According to Coindesk, just three weeks before the Treasury Department’s leadership is expected to change, the Financial Crimes Enforcement Network (FinCEN) announced its intention to amend the Bank Secrecy Act’s Foreign Bank and Financial Accounts (FBAR) regulations in a rulemaking notice published on New Year’s Eve.
“FinCEN intends to propose to amend the regulations implementing the Bank Secrecy Act (BSA) regarding reports of foreign financial accounts (FBAR) to include virtual currency as a type of reportable account,” according to a brief notice published Thursday.
It did not provide a timeline for when this new proposal might be published.
The rule change would seem to bring FBAR rules around crypto holdings in line with cash held outside the U.S. by citizens or other U.S. persons.
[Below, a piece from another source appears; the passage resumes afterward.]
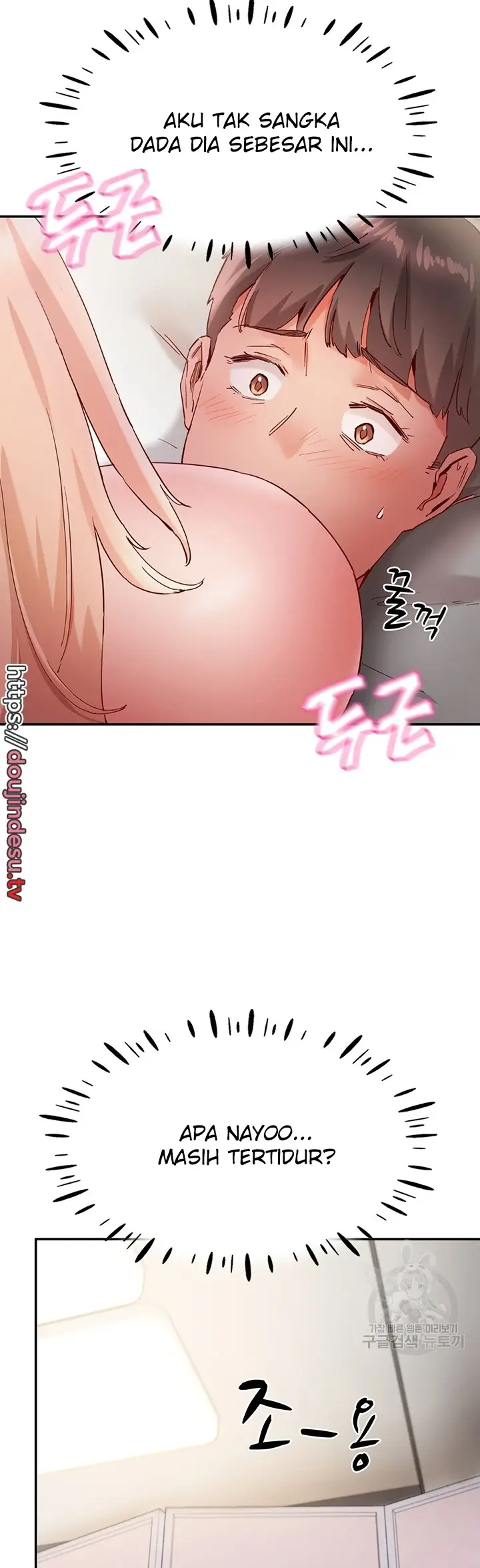 image-komik-living-with-two-big-chested-women-chapter-18-17/59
It could have the most visible impact on users of crypto exchanges, such as Bitstamp and Bitfinex.
At this time, FBARs must be filed by individuals who have an aggregate of over $10,000 in foreign financial accounts, including currencies. However, current regulations do not designate virtual currencies as an FBAR-reportable account. This amendment would end that exemption.
FBARs must include the name on the account, account number, name and address of the foreign bank, type of account and the maximum value held during the year, according to the Internal Revenue Service (IRS) website.
Individuals who fail to file face various penalties, including fines, according to the website.